I recently had some spare time to think about the RTTY receiver/decoder I would like to implement. My inital attempt for recovering the FSK bits from an input FSK sample stream was to perform a DFT with window's length roughly equal to the bit burst time of the transmitter. This approach however seems to be extremely inefficient, as the brute force DFT loop I had was too slow. In addition some sort of periodic synchronization is required, as otherwise a single sample mismatch between the input stream and the DFT window would lead to dis-synchronization and potentially wrongly recovered stream bits.
The FFT-based idea above also seems impractical for real applications where we have burst time mismatch and noise. Instead of going forward in the f-domain, one can easily try to filter out specific frequencies and then try to correlate and compare both for the bit recovery. Here is a picture of my receiver implementation thoughts. Apparently this has been a quite common approach in the old QPSK dial-up modem chips.
Now I have a plan for my spare time in the future... one bright and lucky day:
1. Implement a function with single pole LP and HP filters in series.
2. Implement a power/summation/LPF function with zero cross detection.

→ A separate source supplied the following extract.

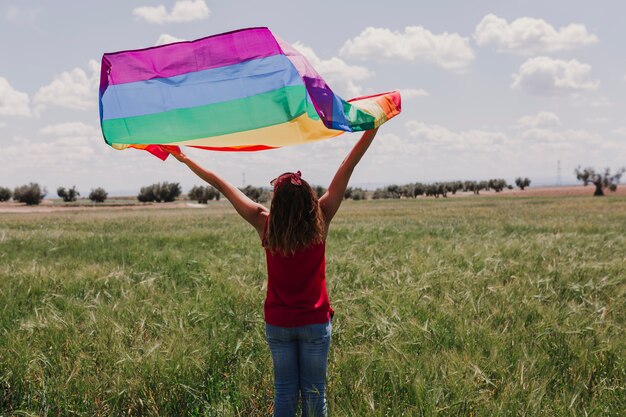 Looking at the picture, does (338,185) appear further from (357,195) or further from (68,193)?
(357,195)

3. A self-syncing bit-recovery block function.
4. A look-up table translation function.
5. Test all above with a real FSK stream (recorded from a radio transmission /w noise)
6. Glue the TX and RX functions together in a more functional form.
Come to think of it, all this starts to more and more look like a Lab 0 task of a typical Signals and systems course. Well, bar the fact that I am trying to write this in C to avoid cathing rust.